Help with Censored Regression

Yesterday I uploaded a demo notebook of Truncated Regression (Example notebook for truncated regression) and I am trying to extend this to Censored Regression (aka Tobit Regression). So this is similar to this unanswered question Regression with censored response variable.

I’ve learnt a bit from this notebook https://docs.pymc.io/notebooks/censored_data.html which presents a simple example of estimation of a mean and sd of 1D censored data.
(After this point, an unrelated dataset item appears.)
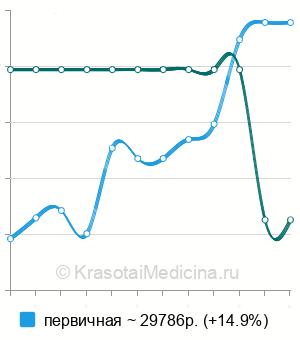 Средняя стоимость диагностическая лапароскопия в Москве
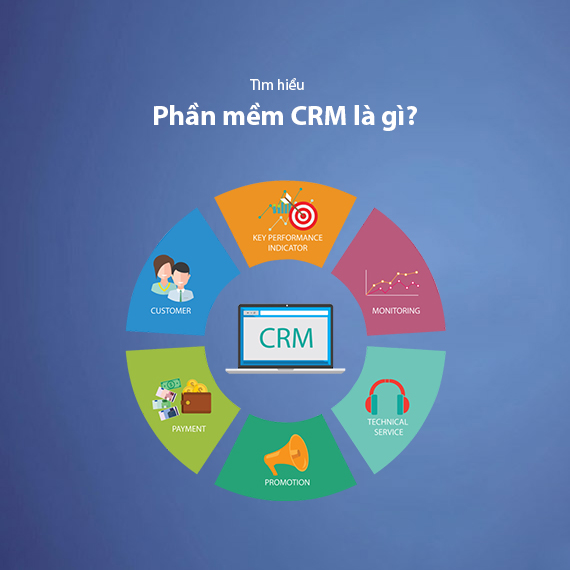 Phần Mềm CRM Là Gì? Top 15+ Phần Mềm Quản Lý Quan Hệ Khách Hàng Tốt Nhất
It presents a model which imputes the values of censored data…

# Imputed censored model
n_right_censored = len(samples[samples >= high])
n_left_censored = len(samples[samples <= low])
n_observed = len(samples) - n_right_censored - n_left_censored

with pm.Model() as imputed_censored_model:
    mu = pm.Normal('mu', mu=0., sigma=(high - low) / 2.)
    sigma = pm.HalfNormal('sigma', sigma=(high - low) / 2.)

    right_censored = pm.Bound(pm.Normal, lower=high)(
        'right_censored', mu=mu, sigma=sigma, shape=n_right_censored
    )
    left_censored = pm.Bound(pm.Normal, upper=low)(
        'left_censored', mu=mu, sigma=sigma, shape=n_left_censored
    )

    observed = pm.Normal(
        'observed',
        mu=mu,
        sigma=sigma,
        observed=censored,
        shape=n_observed
    )

Although note that the observed data in that model is in fact truncated data (where the points outside the bounds are removed), not censored data.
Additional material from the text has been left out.